Fogo Que Arde Sem Se Ver

GP

Gilberto Pereira

Museu da Ciência da Universidade de Coimbra

O oxigénio é indispensável à combustão. Sem ele não é possível atear um fogo, nem sequer produzir uma faísca. Para provar este princípio existe no Gabinete oitocentista de Física do Museu da Ciência da UC um disparador de pederneira: um pequeno dispositivo composto por uma pedra de grande dureza, que permite a percussão da mesma contra uma peça metálica, produzindo uma faísca.

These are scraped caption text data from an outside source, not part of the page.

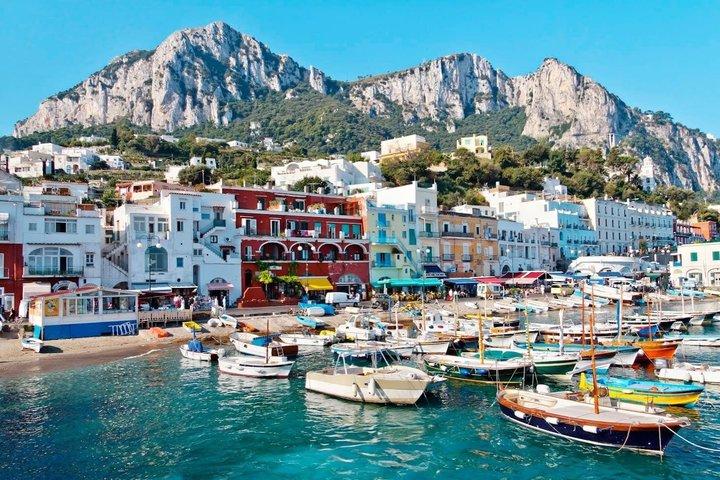 Mini Cruise on Ischia Diving and Lunch on Board + Ebook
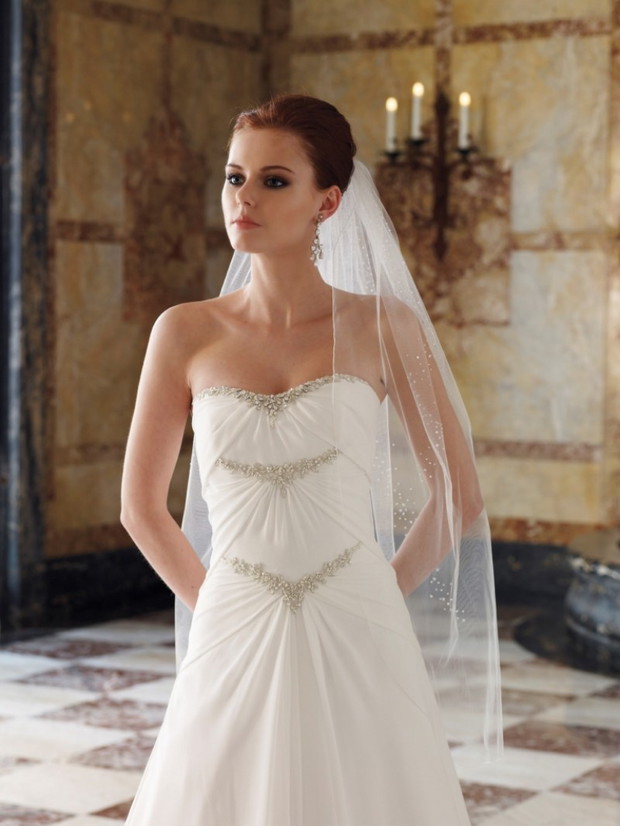 Kolekcja sukien ślubnych Sophia Tolli 2010 - zdjęcie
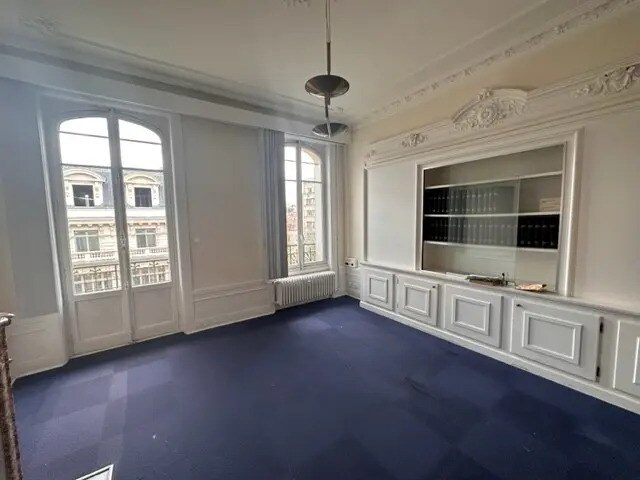 Bureau dans Saint-Étienne à vendre - Photo de l’immeuble – Image 2 sur 6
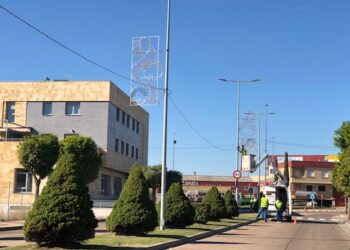 Carbajosa se adelanta y es el primer municipio del alfoz en colocar la iluminación navideña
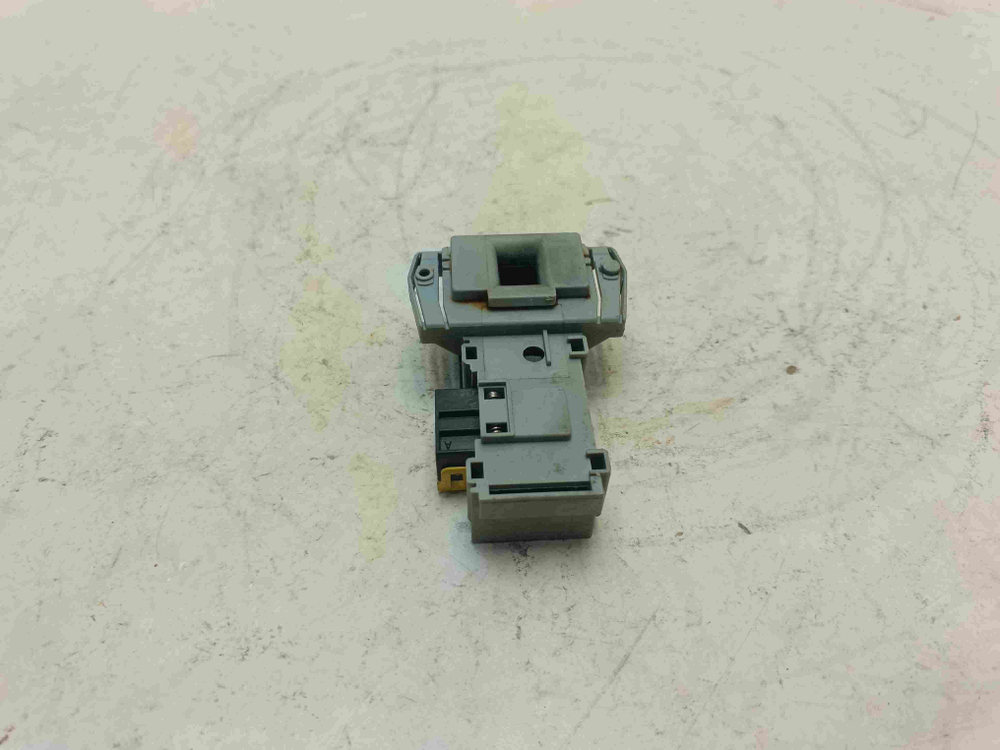 CSS34 1062DB1-07 кт239 Блокировка люка для стиральной машины Candy CSS34 1062DB1-07 б/у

Todavia, quando esta experiência é realizada no vácuo, introduzindo o disparador de pedreneira dentro de uma campânula de vidro, de onde o ar foi previamente removido com o auxílio de uma máquina pneumática, verificamos que não há produção de faíscas.

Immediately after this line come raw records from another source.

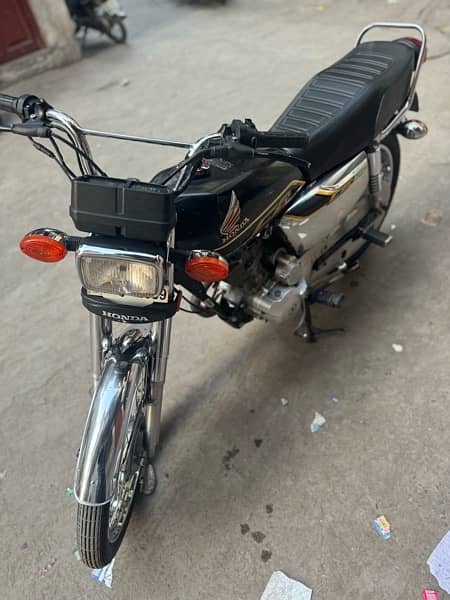 HONDA 125 SE 5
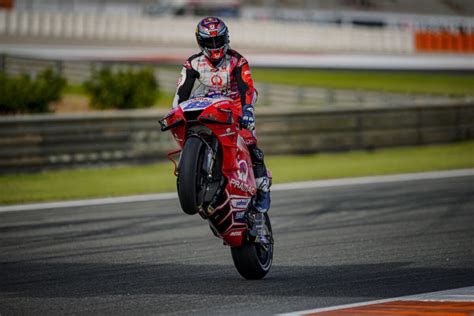 Motogp Gp Comunit Valenciana Jorge Mart N Torna In Pole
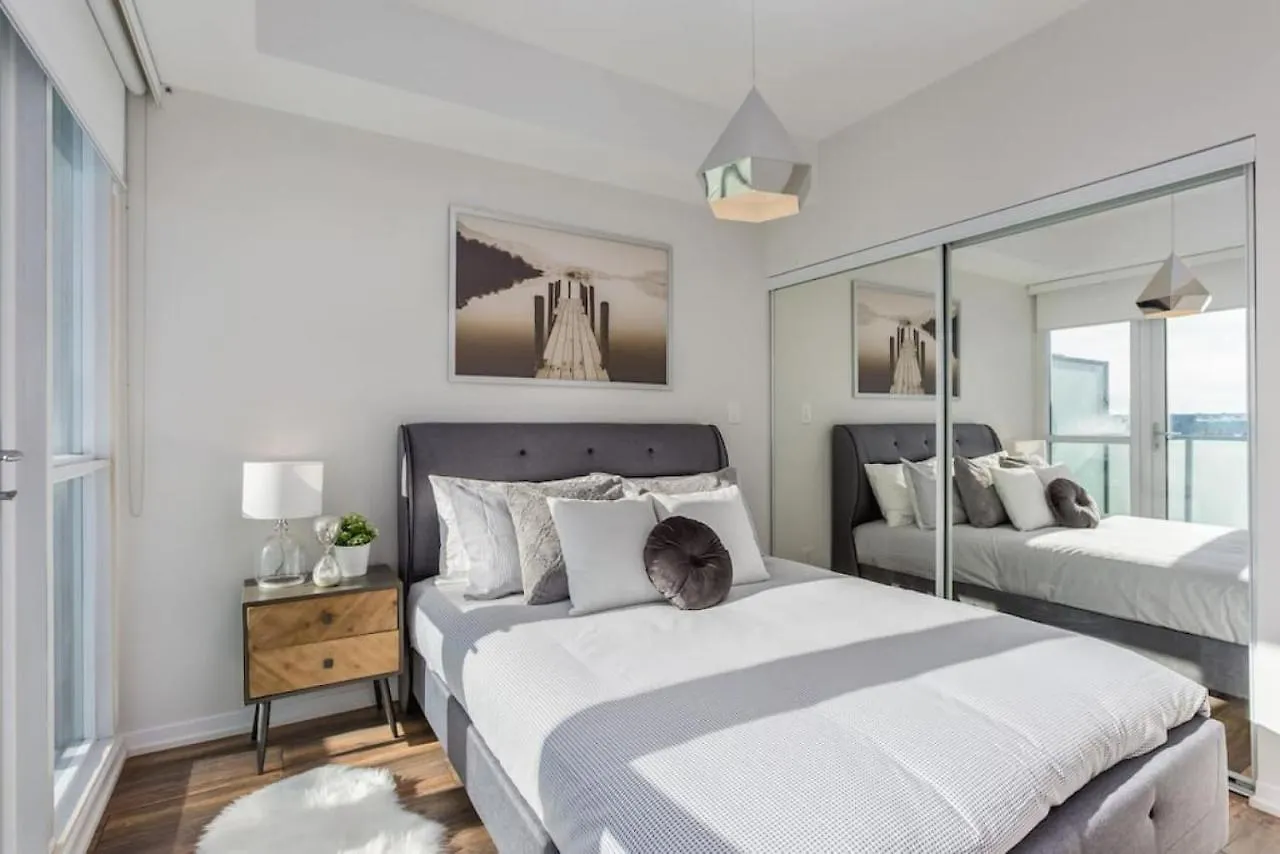 Skyline Waterfront 2Br Plus 2Ba Wparking Near Mtcc Toronto Holiday home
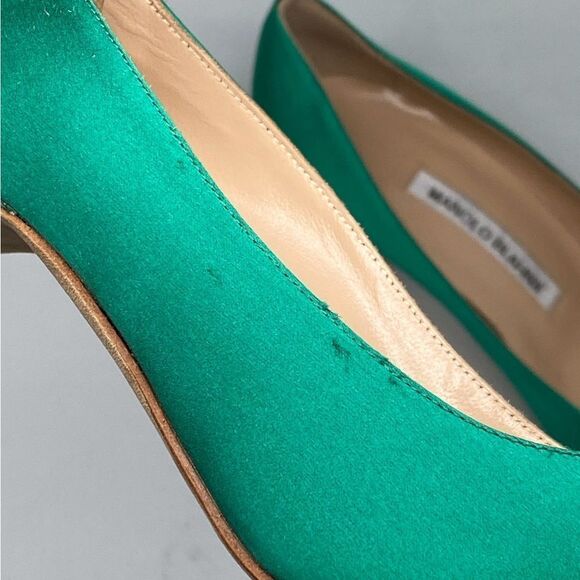 Manolo Blahnik Hangisi 70MM Embellished Satin Pumps size 36.5 - Picture 11 of 14
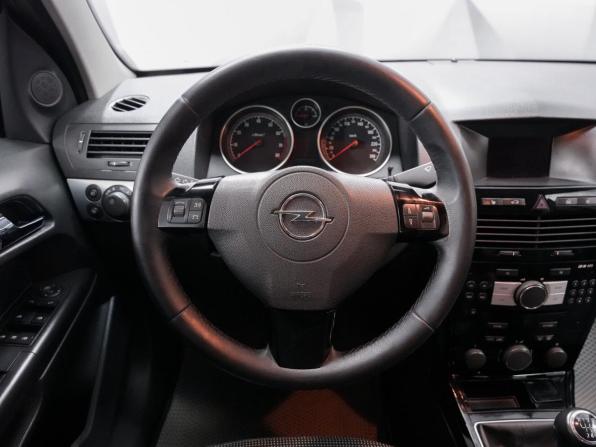 Opel Astra H Рестайлинг с пробегом 2013 года, цена 615 000 рублей, 214500 км, седан, Автокод Объявления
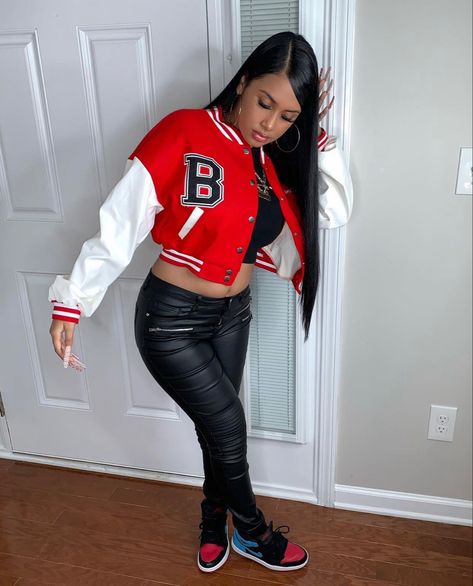 Badnana Instagram Outfits, Badnana Instagram, Instagram Model Outfits, Varsity Jacket Outfit, Leather Jacket Outfits, Instagram Outfits, Black Women Fashion, Instagram Models, Jacket Outfits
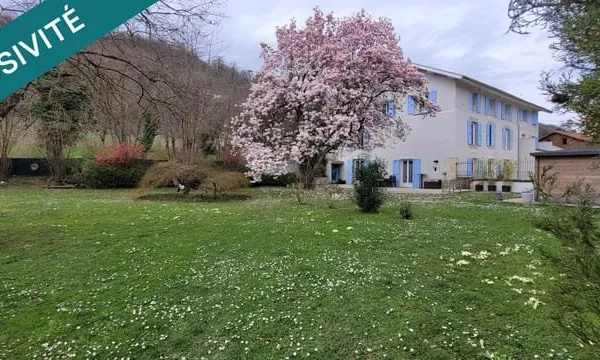 Tullins - Ancienne Maison rénovée de 300m² habitables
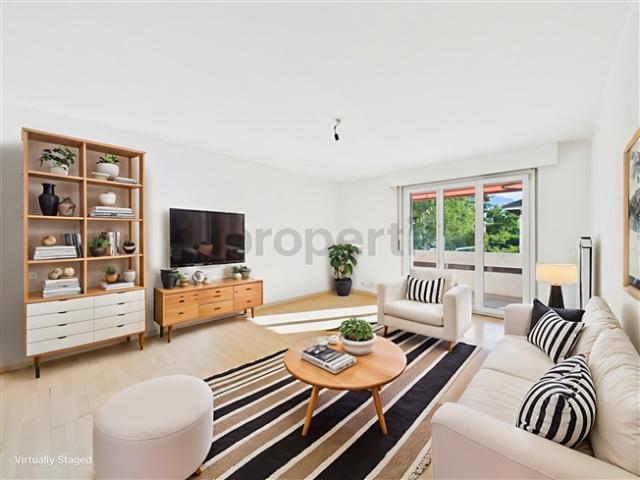 Charmant appartement de 3.5 pièces à Fully avec vue magnifique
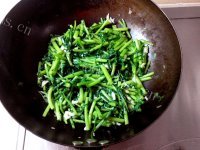家常菜蒜蓉茼蒿做法图解6)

Para disparar a pederneira quando esta se encontra dentro da campânula era aplicada, na abertura superior da campânula, uma peça metálica (que se encontra em falta), que, para além de vedar o recipiente, seria atravessada por um eixo metálico com o qual era possível acionar o disparador. Ao rodar este eixo a pedra seria projetada rapidamente sobre a peça metálica. Com a campânula rarefeita de ar pela ação de uma máquina pneumática verificar-se-ia a ausência de faíscas.

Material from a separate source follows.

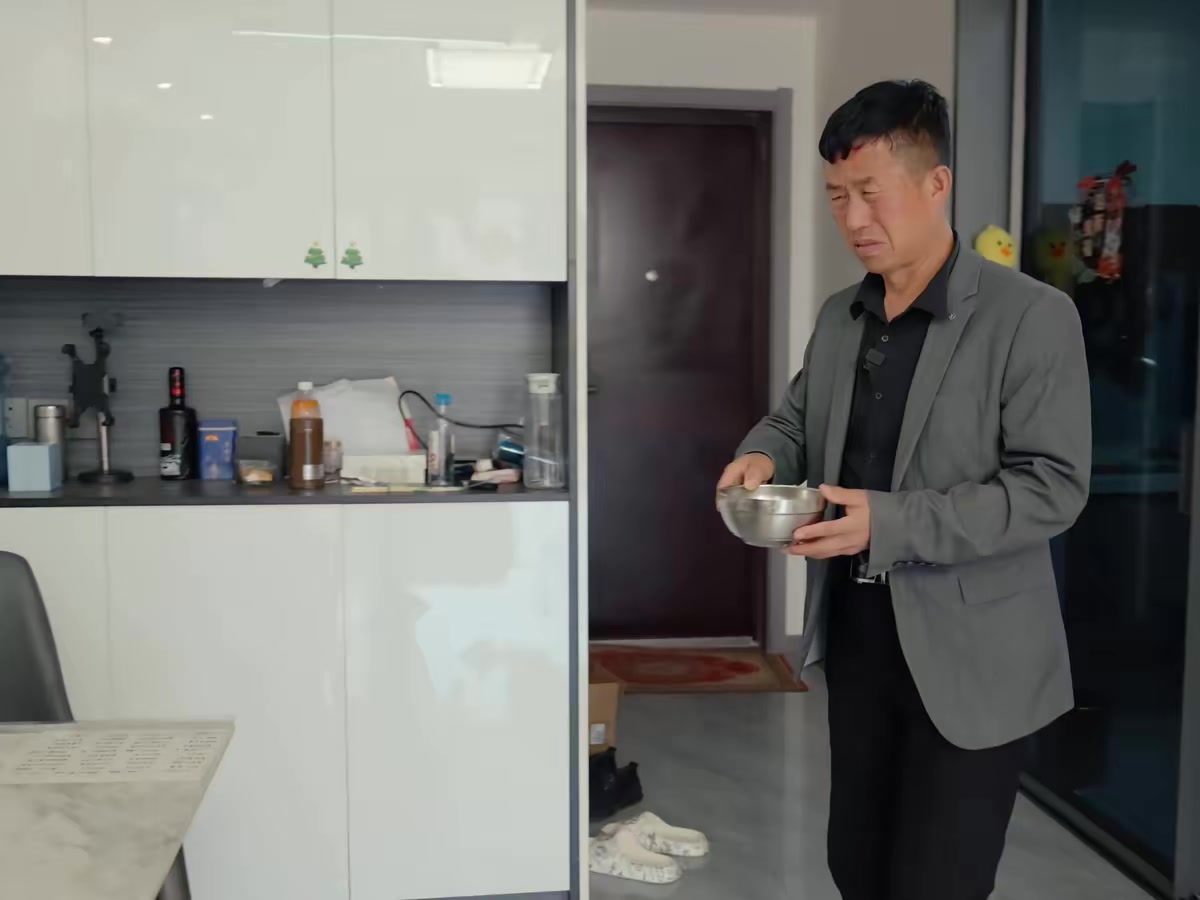 《吃老子兒》劇照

Giovanni Dalla Bella (1726-1823), primeiro professor de Física deste Gabinete, foi o responsável pela organização da coleção de instrumentos que em 1773 chegou a Coimbra, vindos do Colégio dos Nobres de Lisboa, e da qual este dispositivo fazia parte. No Index Instrumentorium, primeiro inventário desta coleção, Dalla Bella informa-nos que este modelo de disparador de pederneira foi por si inventado.

Tal como no amor do soneto de Camões, sem faísca não há fogo!

“Amor é fogo que arde sem se ver;
É ferida que dói e não se sente;
É um contentamento descontente;
É dor que desatina sem doer;
É um não querer mais que bem querer;
É solitário andar por entre a gente;
É nunca contentar-se de contente;
É cuidar que se ganha em se perder;
É querer estar preso por vontade;
É servir a quem vence, o vencedor;
É ter com quem nos mata lealdade.
Mas como causar pode seu favor
Nos corações humanos amizade,
Se tão contrário a si é o mesmo Amor?”